Do you have historical fiction books or authors you would recommend to other readers? Can you tell us why? My four and five star recommendations during the last year in rank order below show how historical fiction is a strong preference for me and meets my “E” factors – sadly all have war as the historical background. However, I still prefer to read about war in non fiction.
Garden of Evening Mists – Tan Twan Eng – WW2
Never Forget – Angela Petch WW2
Gift of Rain – Tan Twan Eng WW2
Unravelled – M K Tod WW1 and 2
Empire of the Sun – J G Ballard WW2
The self published books at 2 and 4 stand up well against the others. These front runners are out of a wider fiction field of general fiction by Morpurgo, McGregor, Holt, Hall, Cain, Campbell, Jacobson, Roteman, Baldassi, Kureishi, Shan, Silva, Dyer, Lawrenson and Moggach and historic fiction by Webb, Deighton, Wilson, Bragg, Cornwell, Follett, Goddard, McEwan and many others.
Personal lifetime historical fiction book highlights ranked by period
Piano Tuner – Daniel Mason 1880s
War of the Worlds – H G Wells when published futuristic, now to me historical fiction c1910
Arthur and George – Julian Barnes c1910
The English Patient – Michael Ondaatje WW2
The Reader – Prof Bernhard Schlink WW2
A Robert Harris book WW2 – a hard choice which one,
A Thousand Splendid Sons – Khaled Hosseini late 1970s and 1980s
The Sett – Ranulph Fiennes 1980s
All the above include memorable scenes and continue to give me warm feelings and most I will read again.

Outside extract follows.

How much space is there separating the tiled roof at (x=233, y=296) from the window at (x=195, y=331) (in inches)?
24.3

In today’s world, there are so many opportunities to talk and learn about books – blogs, Twitter, Facebook, Goodreads, book clubs – can you tell us about your experiences, where you go to talk or learn about books, why you enjoy discussions about books? I am a dinosaur as far as Twitter and Facebook are concerned. Goodreads seem to me to be too female dominated. I limit my reading to reviews in the national press and on Amazon and I ask friends what they are reading and for their best book reads. The answers are not always successful as reading tastes are very personal and some just follow fashion and the crowd. Some of my best reads have been accidental. The national press in the UK are promoting some new books very cheaply; also supermarkets virtually give away new popular books. I have purchased with mixed results. The Book Lovers’ Companion reviews over 250 books and many look to be worth reading. The extracts from what the critics said are often amusing. I find face to face book club type discussions a little false often being about reader’s own egos.
What advice do you have for writers of historical fiction?

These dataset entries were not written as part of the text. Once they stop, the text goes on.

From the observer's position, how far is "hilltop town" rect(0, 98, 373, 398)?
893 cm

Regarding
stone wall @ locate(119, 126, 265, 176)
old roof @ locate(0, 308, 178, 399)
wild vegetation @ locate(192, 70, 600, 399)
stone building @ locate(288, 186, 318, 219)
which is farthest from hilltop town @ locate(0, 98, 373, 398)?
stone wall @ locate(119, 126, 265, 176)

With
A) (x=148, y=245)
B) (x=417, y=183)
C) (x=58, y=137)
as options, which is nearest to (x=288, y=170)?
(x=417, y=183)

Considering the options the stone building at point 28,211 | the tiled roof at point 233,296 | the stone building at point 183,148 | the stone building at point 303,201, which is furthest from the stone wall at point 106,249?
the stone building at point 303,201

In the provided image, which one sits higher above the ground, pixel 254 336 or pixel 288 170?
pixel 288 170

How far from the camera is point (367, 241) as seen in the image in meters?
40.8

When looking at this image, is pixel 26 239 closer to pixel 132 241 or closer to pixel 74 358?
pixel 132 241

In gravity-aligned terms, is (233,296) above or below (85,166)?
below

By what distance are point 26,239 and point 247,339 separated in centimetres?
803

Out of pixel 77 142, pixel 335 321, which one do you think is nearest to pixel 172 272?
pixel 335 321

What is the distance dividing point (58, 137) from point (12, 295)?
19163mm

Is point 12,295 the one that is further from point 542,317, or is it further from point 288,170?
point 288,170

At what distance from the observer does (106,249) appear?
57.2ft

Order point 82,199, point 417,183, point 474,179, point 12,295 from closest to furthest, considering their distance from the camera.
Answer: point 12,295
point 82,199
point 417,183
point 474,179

As a reader I do look for success in balancing the educational historical factual background with the writer’s story. I prefer historical facts to be clearly stated and as far as possible verified and correct, or indicated as supposition or fantasy variation written for the story. Although as a non fiction reader I am happy to have chunks of history and fact in solid text I am sure creative writing classes will preach ‘show rather than tell’ with more dialogue. In my recent reads list above the authors have balanced the history facts and their stories very well in all the books particularly those based on war with Japan where cultural differences came much more into play and also historic Japanese and Chinese relationships. In Len Deighton’s Winter I thought the excellent WW1 and WW2 history from the German perspective overshadowed the fiction story lines.

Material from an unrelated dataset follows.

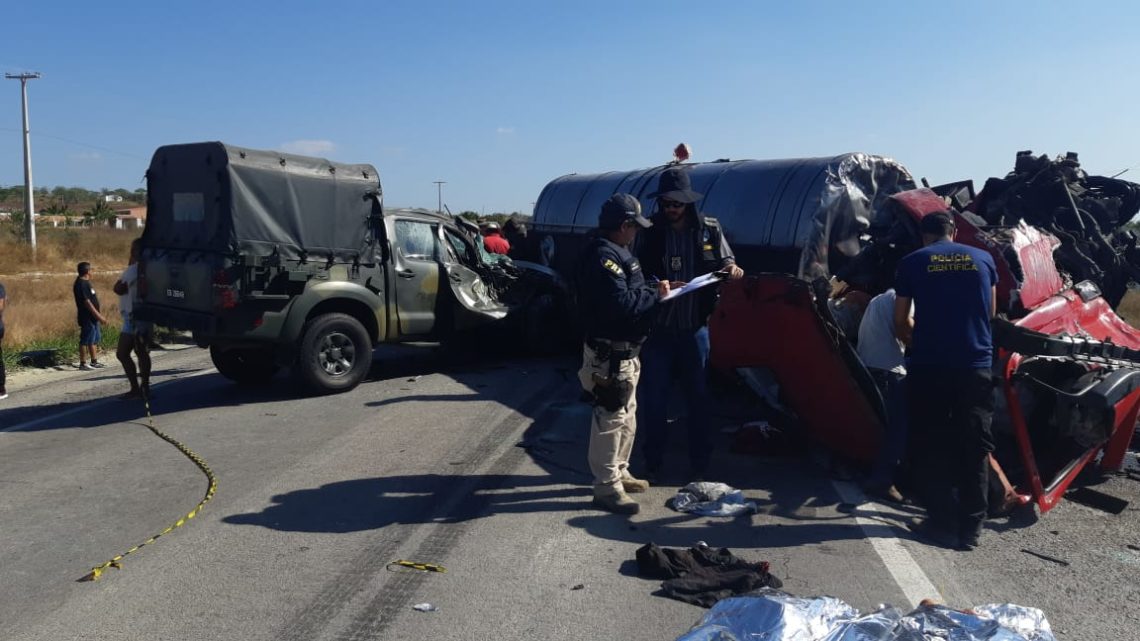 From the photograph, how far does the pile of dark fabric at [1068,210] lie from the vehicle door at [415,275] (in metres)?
5.88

Is there anything else about reading historical fiction that you’d like to comment on? Read a wide range of authors and genres in library books to provide context to historical fiction. Do not be disappointed if you cannot get on with a particular author. I do not like Hilary Mantel’s books but clearly the literary establishment does. Try some self published books. Go around the on line self publisher book shops.